With things like Rawtherapee, this isn’t how it works, it is a pile of features that in some ways is easier to get, you don’t have interactions between modules, but it is harder to understand the whole thing and modules get deprecated, but it makes the Darktable manual a series of module explanations

Module navigation and Screen layout

Note that each “module” works the same, there is a little arrow icon on the left which you use to open the options and close them. There is an i with a circle that resets each module to default. And each sub-panel in a module has the same close and expand on the right.

So on the left pane are all things that have to do with files. Then on the right pane are all the things having to do with editing the photos.

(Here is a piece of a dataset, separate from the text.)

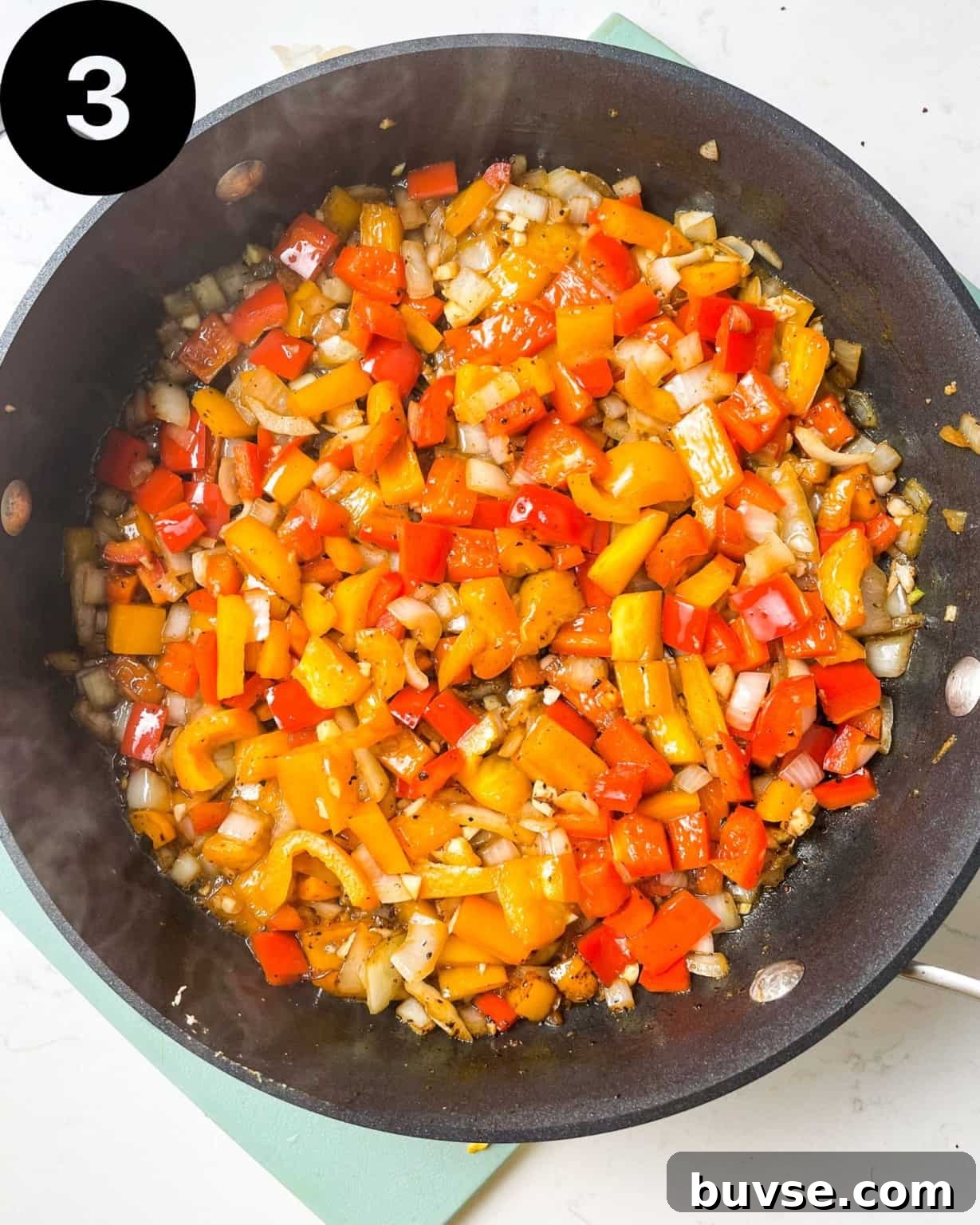 diced onions, bell peppers, and garlic in a skillet.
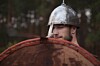 Man in helmet looks uncertain, holds up shield. Photo by Shutterstock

The whole thing is modal as at the top right are the mode that you are in.

File Structure and Editing

The main concept is that if you feed darktable a folder name, it will find all directories underneath and call them film rolls, so the easiest way to set this up is to have all your photos in a single directory like ~/Pictures/raw

The second thing to understand is that this is all non-destructive editing, you never change the RAW files you have, instead, there is a central database that lists all the changes and there is an XMP file that is matched by filename, so with that, you never have to worry about losing your images. It does mean that to see the final result, it has to run through the modules, but believe me on an M1 Mac it is instantaneous.

Lighttable and File Model

On the left pane are things that deal with the files themselves. So this is where you add to the library and you have a finder. They use different terms to be cute, so a directory full of photos is called a collection. And each folder which has just pictures is called a film roll. But you get the idea. This thing like Adobe Lightroom is designed to be very fast for very large photo libraries that professionals might have. The storage model is it doesn’t copy the the photos into a central database, instead it just stores a pointer to the photos. This means that if you move things around, it will not be able to find things, so just don’t do that.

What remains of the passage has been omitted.